The volume is $18\pi$ cm³.
The volume is $9\pi$ cm³.
The volume is $27\pi$ cm³.
The volume is $36\pi$ cm³.
Explanation
This question tests middle school measurement skills: solving volume problems using standard formulas for geometric shapes. Volume calculation requires applying specific formulas to dimensions of shapes—cylinder: πr²h, rectangular prism: lwh, sphere: (4/3)πr³. Understanding these formulas is crucial for solving real-world problems. In this problem, the dimensions provided allow calculation of volume using the sphere's formula. Choice A is correct because it applies the correct formula and calculates the volume accurately based on the given dimensions. Choice B is incorrect because it involves a common error of using πr³ without the 4/3 factor. To help students: Encourage practicing with visual aids and diagrams to understand dimensions. Reinforce the importance of verifying unit consistency and formula application to avoid errors.
A chef chills soup in a spherical container to cool it evenly. The container has a radius of 4 cm. He wants to know the container’s volume to avoid spills. Use $V=\frac{4}{3}\pi r^3$ for a sphere. Keep the answer in cubic centimeters. Using the formula for a sphere, find the volume if the radius is 4 cm.
The volume is $\frac{256}{3}\pi$ cm³.
The volume is $\frac{512}{3}\pi$ cm³.
The volume is $64\pi$ cm³.
The volume is $\frac{64}{3}\pi$ cm³.
Explanation
This question tests middle school measurement skills: solving volume problems using standard formulas for geometric shapes. Volume calculation requires applying specific formulas to dimensions of shapes—cylinder: πr²h, rectangular prism: lwh, sphere: (4/3)πr³. Understanding these formulas is crucial for solving real-world problems. In this problem, the dimensions provided allow calculation of volume using the sphere's formula. Choice A is correct because it applies the correct formula and calculates the volume accurately based on the given dimensions. Choice B is incorrect because it involves a common error of omitting the 4/3 factor, using just πr³. To help students: Encourage practicing with visual aids and diagrams to understand dimensions. Reinforce the importance of verifying unit consistency and formula application to avoid errors.
A spherical water balloon is used in a science demo about volume. The balloon has a radius of 7 cm when fully inflated. The teacher wants the volume to discuss how much water it can hold. Use $V=\frac{4}{3}\pi r^3$ for a sphere. Give the result in cubic centimeters. Based on the dimensions, what is the volume of the sphere?

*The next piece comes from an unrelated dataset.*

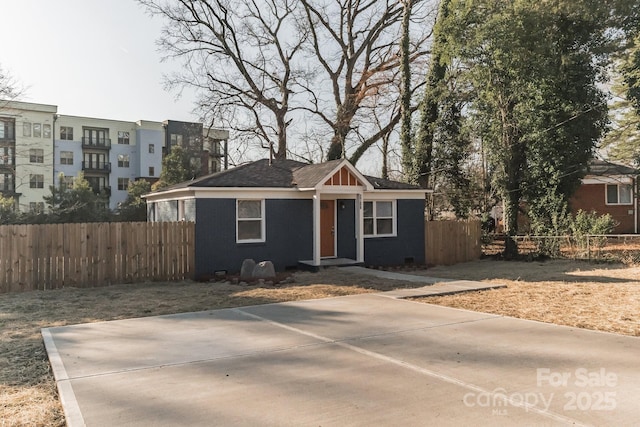 view of front of house with brick siding, crawl space, and fence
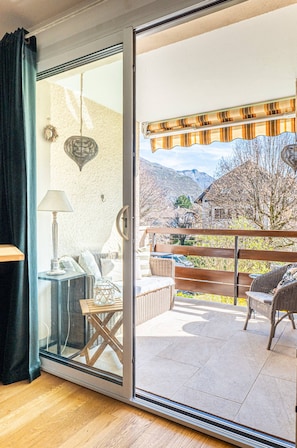 Ein Zimmer mit einer Schiebeglastür, die auf einen Balkon mit Korbmöbeln und Bergblick führt.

The volume is $\frac{343}{3}\pi$ cm³.
The volume is $\frac{1372}{3}\pi$ cm³.
The volume is $\frac{686}{3}\pi$ cm³.
The volume is $343\pi$ cm³.
Explanation
This question tests middle school measurement skills: solving volume problems using standard formulas for geometric shapes. Volume calculation requires applying specific formulas to dimensions of shapes—cylinder: πr²h, rectangular prism: lwh, sphere: (4/3)πr³. Understanding these formulas is crucial for solving real-world problems. In this problem, the dimensions provided allow calculation of volume using the sphere's formula. Choice A is correct because it applies the correct formula and calculates the volume accurately based on the given dimensions. Choice C is incorrect because it involves a common error of omitting the 4/3 factor entirely. To help students: Encourage practicing with visual aids and diagrams to understand dimensions. Reinforce the importance of verifying unit consistency and formula application to avoid errors.